Research from scientists at Tel Aviv and Hebrew Universities in Israel has shown that cannabidiol (CBD) can strengthen bones and help fractures heal more quickly – even without the help of THC or any other psychoactive cannabinoids. The study was published in the Journal of Bone and Mineral Research.
The researchers experimented with rats, inflicting mild femoral fractures. They administered CBD to some of the rats, while the rest of the rats received THC alongside CBD, to compare the outcomes. They compared their healing rates, also to a group of rats who were not given any cannabinoids. Ultimately, researchers found that rats who received only CBD experienced the same benefits to their healing as the rats who received CBD and THC together.
Researcher Yankel Gabet explained:
“We found CBD alone to be sufficiently effective in enhancing fracture healing. Other studies have shown CBD to be a safe agent, which leads us to believe we should continue this line of study in clinical trials to assess its usefulness in improving human fracture healing.”
In addition to the cannabinoid receptors in human brains, there are receptors through the human body as well, thought to be responsible for benefits such as bone growth. CBD even worked preventatively to make future injury less likely. “After being treated with CBD, the healed bone will be harder to break in the future,” Gabet added. The findings are part of a recent wave of new research into the medicinal benefits of cannabinoids and other compounds in cannabis, and will likely lead doctors and researchers to look more closely at cannabis for the treatment of osteoporosis and other bone diseases.

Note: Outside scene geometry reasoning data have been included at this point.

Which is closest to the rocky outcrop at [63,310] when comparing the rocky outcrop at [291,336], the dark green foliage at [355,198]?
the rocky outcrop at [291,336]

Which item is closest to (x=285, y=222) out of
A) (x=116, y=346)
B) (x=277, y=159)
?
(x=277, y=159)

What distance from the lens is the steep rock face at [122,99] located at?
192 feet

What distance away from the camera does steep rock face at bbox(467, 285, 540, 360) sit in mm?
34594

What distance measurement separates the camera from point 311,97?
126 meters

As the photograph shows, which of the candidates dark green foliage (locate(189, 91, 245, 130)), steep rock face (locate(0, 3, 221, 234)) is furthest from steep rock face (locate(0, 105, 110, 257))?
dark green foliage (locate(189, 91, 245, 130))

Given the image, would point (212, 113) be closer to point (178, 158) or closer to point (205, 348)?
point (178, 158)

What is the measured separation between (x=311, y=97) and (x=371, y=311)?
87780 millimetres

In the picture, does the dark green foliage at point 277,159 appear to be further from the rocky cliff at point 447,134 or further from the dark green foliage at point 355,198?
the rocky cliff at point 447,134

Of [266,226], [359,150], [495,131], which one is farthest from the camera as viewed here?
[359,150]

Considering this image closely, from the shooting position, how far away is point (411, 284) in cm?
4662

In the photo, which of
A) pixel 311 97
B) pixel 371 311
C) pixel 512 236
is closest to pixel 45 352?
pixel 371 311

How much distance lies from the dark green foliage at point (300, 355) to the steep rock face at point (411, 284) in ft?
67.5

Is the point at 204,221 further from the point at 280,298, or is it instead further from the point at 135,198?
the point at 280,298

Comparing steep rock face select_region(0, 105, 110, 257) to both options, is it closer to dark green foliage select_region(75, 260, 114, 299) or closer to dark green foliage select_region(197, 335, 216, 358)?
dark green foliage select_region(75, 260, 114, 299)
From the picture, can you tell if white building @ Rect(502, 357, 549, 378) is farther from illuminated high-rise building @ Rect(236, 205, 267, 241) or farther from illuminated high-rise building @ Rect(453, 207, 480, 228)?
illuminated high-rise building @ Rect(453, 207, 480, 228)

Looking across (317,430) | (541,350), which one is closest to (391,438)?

A number of benefits have already been established by research, such as the ability to boost appetite, alleviate the side effects of chemotherapy, and an ability to address chronic pain. Other studies suggest that cannabis can also regulate blood sugar, slow the progression of HIV, and can be used to treat multiple sclerosis, Parkinson’s disease, and epilepsy.
“The clinical potential of cannabinoid-related compounds is simply undeniable at this point. While there is still a lot of work to be done to develop appropriate therapies, it is clear that it is possible to detach a clinical therapy objective from the psychoactivity of cannabis. CBD, the principal agent in our study, is primarily anti-inflammatory and has no psychoactivity.”